Routes
Use Routes to group customers, vendors, ship-to addresses, order addresses, and locations into logical transportation corridors.
A route in Shipper TMS is not a turn-by-turn map path. It is a planning label that helps you:
- group demand,
- filter requests,
- default carrier, vehicle, and driver values,
- plan by route in Visual Scheduler.
How to work in this page
Use the route list when you maintain planning areas or recurring delivery corridors.
- Add one row per logical route.
- Use Code for a short route identifier that planners recognize.
- Use Description to make the route understandable in filters and planning boards.
- Set default carrier, vehicle, and driver only when that route normally uses the same resources.
- Use Scheduler Sort Order to place common routes near the top of scheduler views.

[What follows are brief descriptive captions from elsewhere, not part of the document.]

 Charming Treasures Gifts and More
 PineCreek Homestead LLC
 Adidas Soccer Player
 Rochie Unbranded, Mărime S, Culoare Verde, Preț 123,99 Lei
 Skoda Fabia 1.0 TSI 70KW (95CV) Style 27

- Use Block for Scheduling when the route should not appear as a planning resource.
- Drill down from No. of Customers when you want to review customers assigned to the route.
Create a route
- Search for Routes.
- Add a new row.
- Fill in Code and Description.
- If needed, set:
- Default Carrier No.
- Default Vehicle No.
- Default Driver No.
- Set Scheduler Sort Order if you use route-based scheduling.

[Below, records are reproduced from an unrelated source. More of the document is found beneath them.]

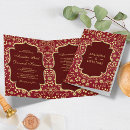 Search for paisley wedding invitations Traditional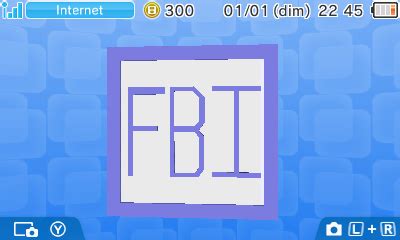 Fbi qr codes 3ds can offer you many choices to save money thanks to 24 active results. FBI 3DS SCARICA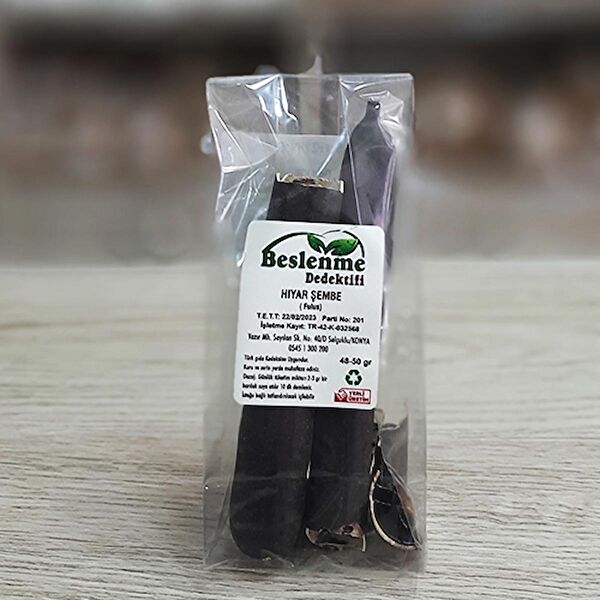 BESLENME DEDEKTİFİ Çay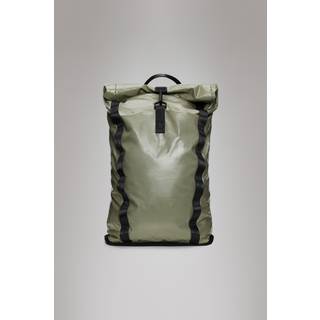 Rains Sibu Rolltop Rucksack - Drift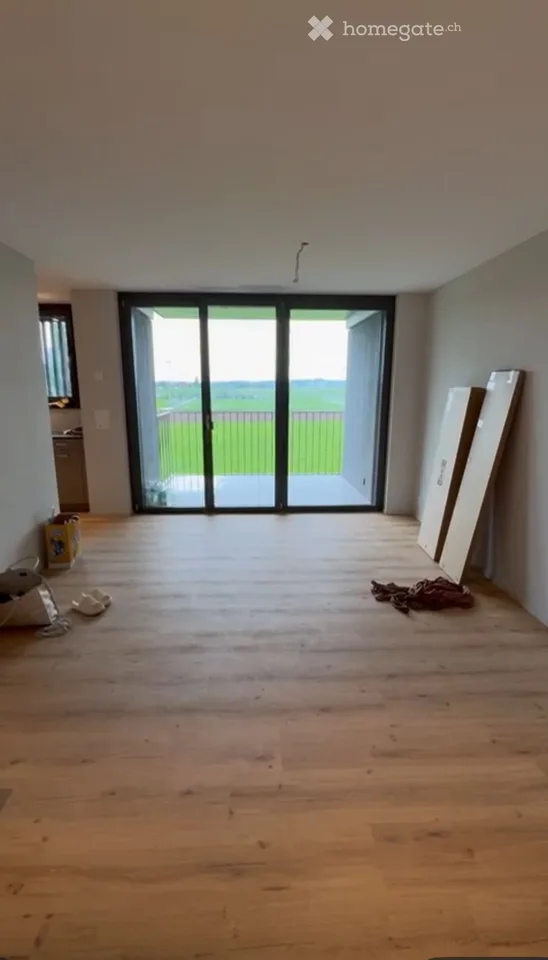 Locataire recherché - appartement 4.5 pièces Winterthur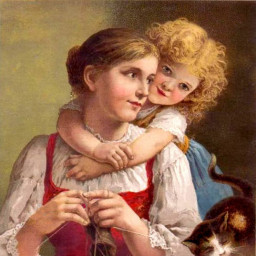 А Вы знаете, что вязание лечит?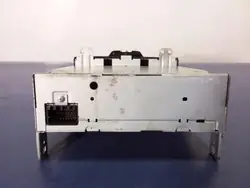 Jeep Cherokee KL CD-vaihtaja Lukija OEM 68273966AA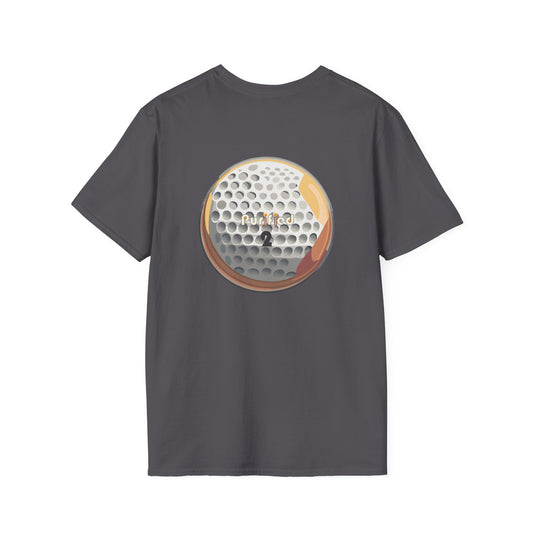 Purified Breakfast Ball T-Shirt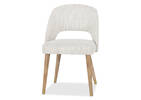 Jerusha Dining Chair -Luly Pepper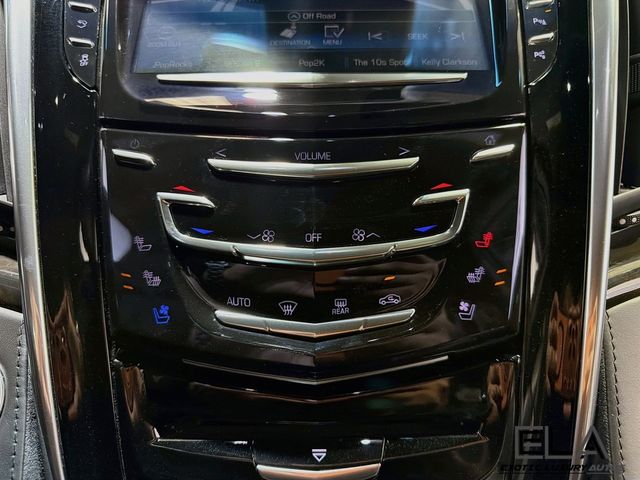 2019 Cadillac Escalade 2WD 4dr Platinum - 23080125 - 20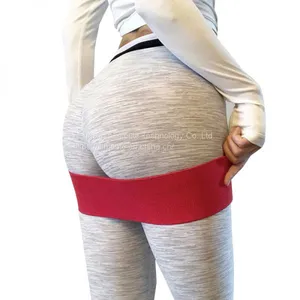Exercise Resistance Bands thumbnail-3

- Enable Block for Scheduling only if the route should not appear in scheduler views.
Assign a route to master data
Set Default Route No. on:
- Customer
- Vendor
- Ship-to Address
- Order Address
- Location
You can also set Route Sequence on the same records if the stop order usually follows a fixed sequence.

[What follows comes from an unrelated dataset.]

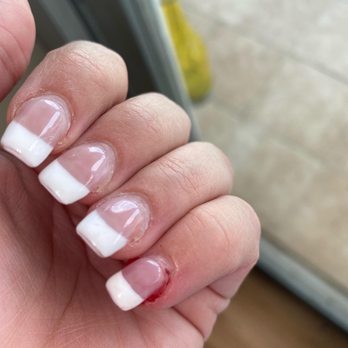 Xu Nails & Lashes - Cut by one of employees - Nail Salons Near Me - Watertown, New York Xu Nails & Lashes - Cut by one of employees - Nail Salons Near Me - Watertown, New York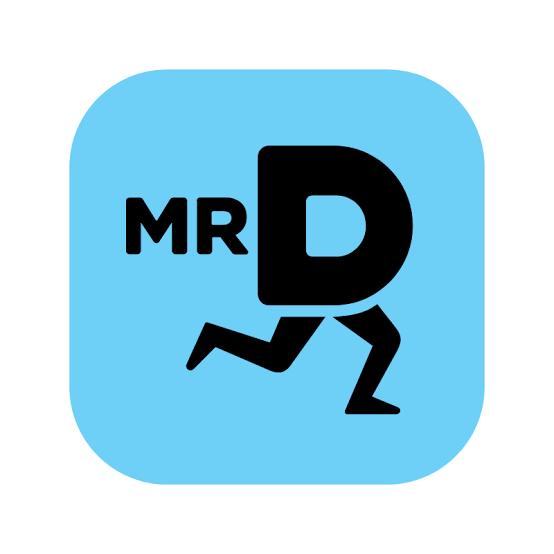 MrD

How route defaults are used
Route values flow through the process like this:
- The route is copied from master data to the source document.
- The route is copied from the source document to the Transport Request.
- If you set a route on a Transport Order and the carrier is still blank, the route’s default carrier, vehicle, and driver can be applied.
- When you run Get Transport Requests, the route can be used as a filter.